What to do: Set down every line from the one with "Oval Diamond Trilogy" to the end of the entries, both ends included, exactly as it reads and without pictures.

(Web page caption snippets)
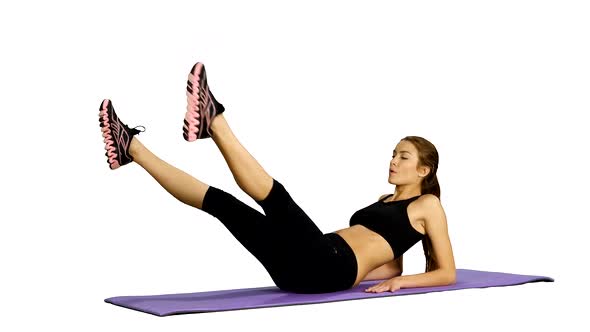 Woman Doing Strength Exercises for Abdominal Muscles, Gym. White Background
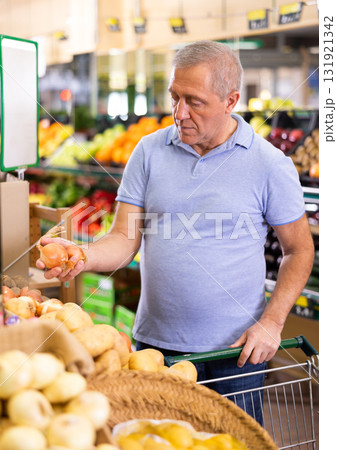 man buy large onion in supermarket man buy large onion in supermarket 131921342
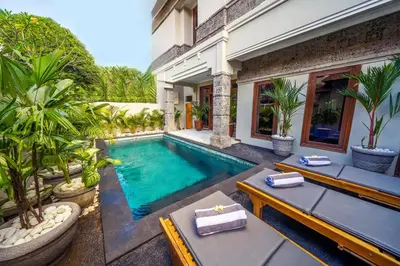 an image of a swimming pool in a villa at Villa MARIE - KUTA - 6 Bedroom 4 Bathroom Villa - Great Location ! in Kuta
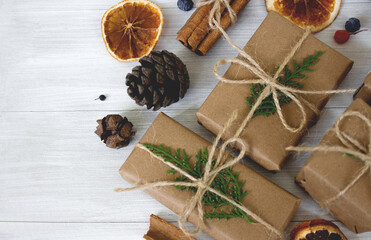 Christmas composition. Christmas gifts, pine cones, fir branches on white wooden background. 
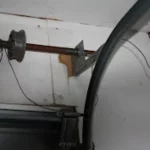 broken garage door wire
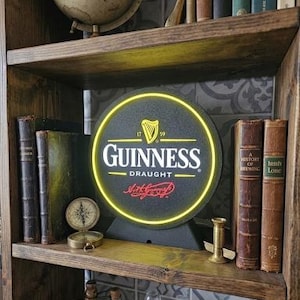 Peut inclure: Un panneau Guinness Draught avec une bordure n&eacute;on jaune est pr&eacute;sent&eacute; sur une &eacute;tag&egrave;re en bois. Le panneau est noir avec des lettres blanches et un logo de harpe dor&eacute;e. L'&eacute;tag&egrave;re contient &eacute;galement des livres anciens, une boussole et un globe.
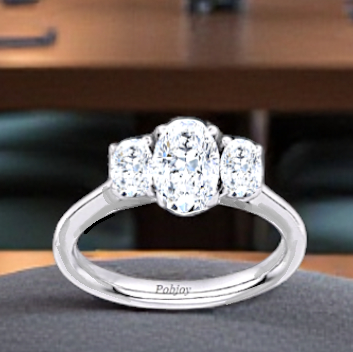 Oval Diamond Trilogy Ring Custom. Pobjoy Diamonds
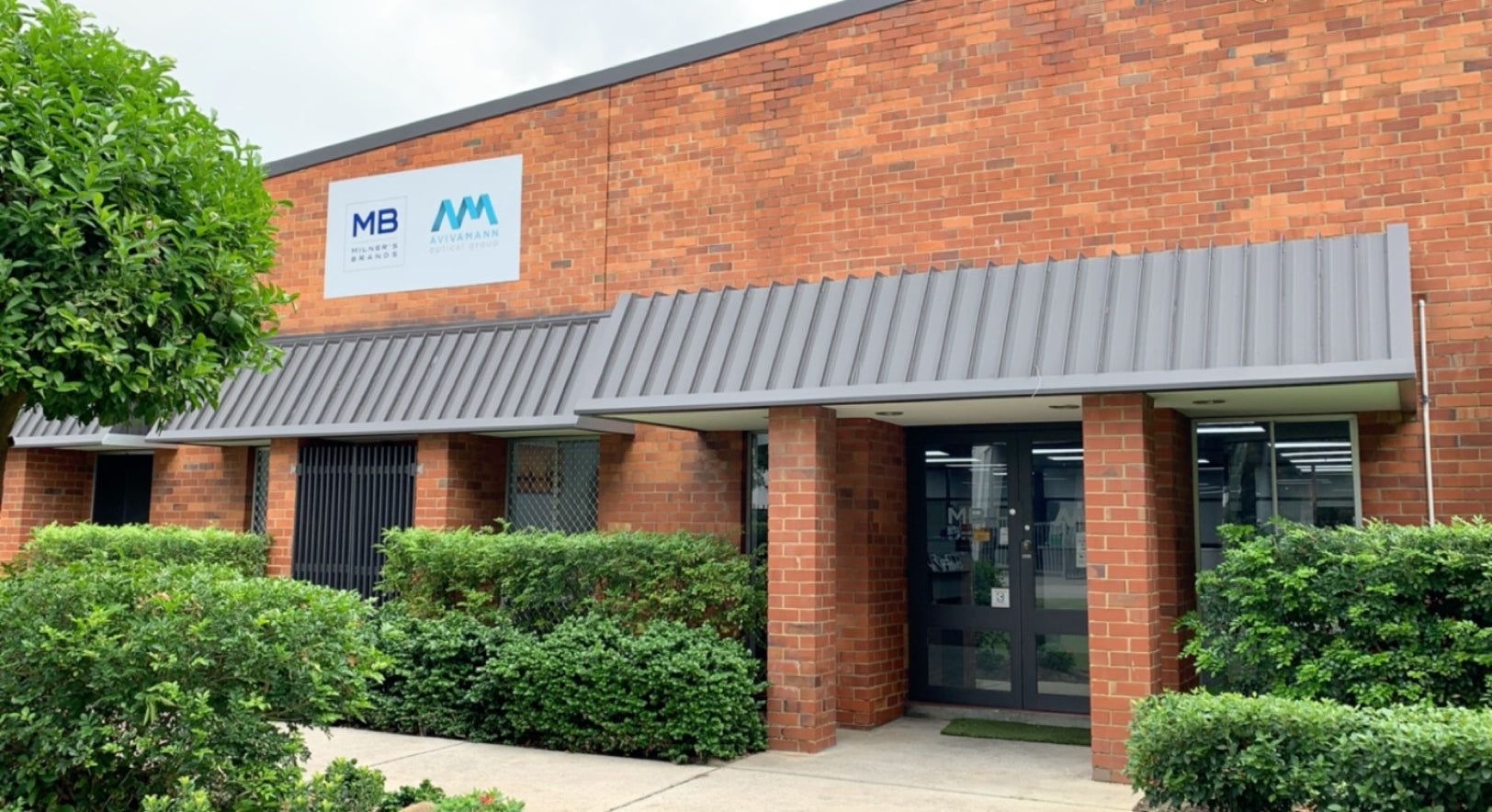 A brick building exterior with a gray metal canopy and a white sign reading Milners Brands and Aviva Mann, surrounded by green shrubs and trees.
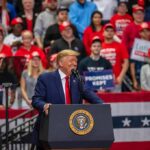 Massive Bet Meets Midterm Math speaker at podium addressing crowd at rally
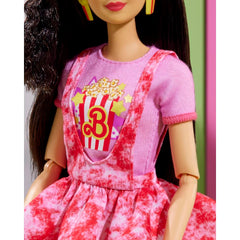 Barbie Rewind doll popcorn earrings add playful detail for display.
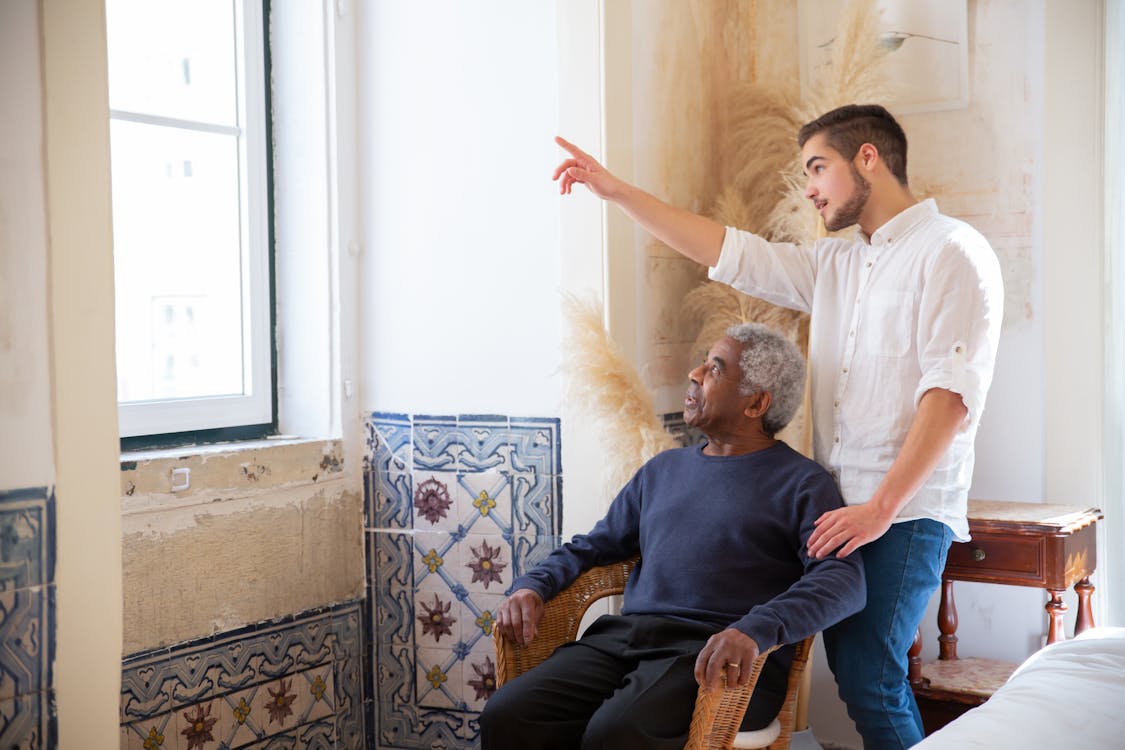 Free A Man in White Shirt and an Elderly Sitting on the Chair Looking at the Window Stock Photo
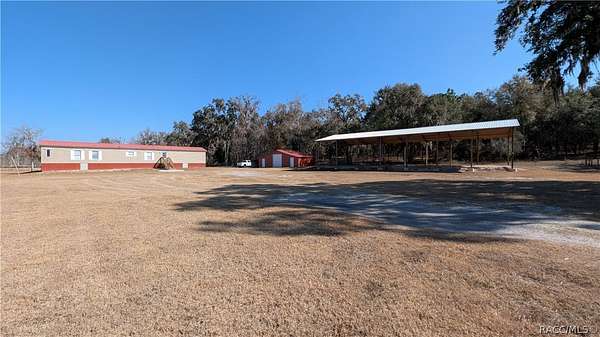 5 Acres of Residential Land with Home for Sale in Floral City, Florida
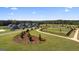 Fenced dog park with walking path and landscaping at 576 Parnassus Road, Locust Grove, GA 30248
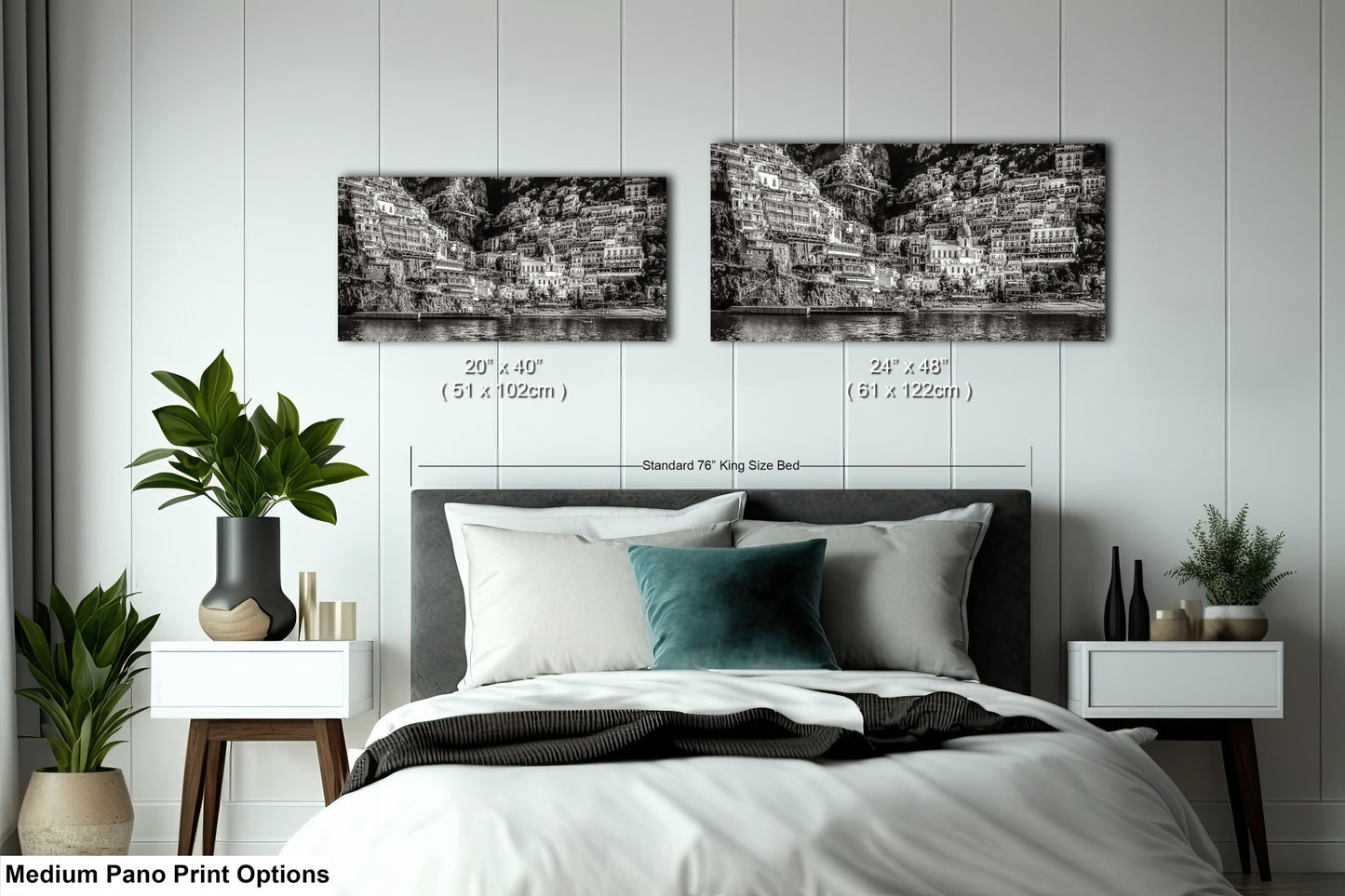 a bed with a white comforter and two black and white pictures on the wall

Written solution:
 Oval Diamond Trilogy Ring Custom. Pobjoy Diamonds
 A brick building exterior with a gray metal canopy and a white sign reading Milners Brands and Aviva Mann, surrounded by green shrubs and trees.
 Massive Bet Meets Midterm Math speaker at podium addressing crowd at rally
 Barbie Rewind doll popcorn earrings add playful detail for display.
 Free A Man in White Shirt and an Elderly Sitting on the Chair Looking at the Window Stock Photo
 5 Acres of Residential Land with Home for Sale in Floral City, Florida
 Fenced dog park with walking path and landscaping at 576 Parnassus Road, Locust Grove, GA 30248
 a bed with a white comforter and two black and white pictures on the wall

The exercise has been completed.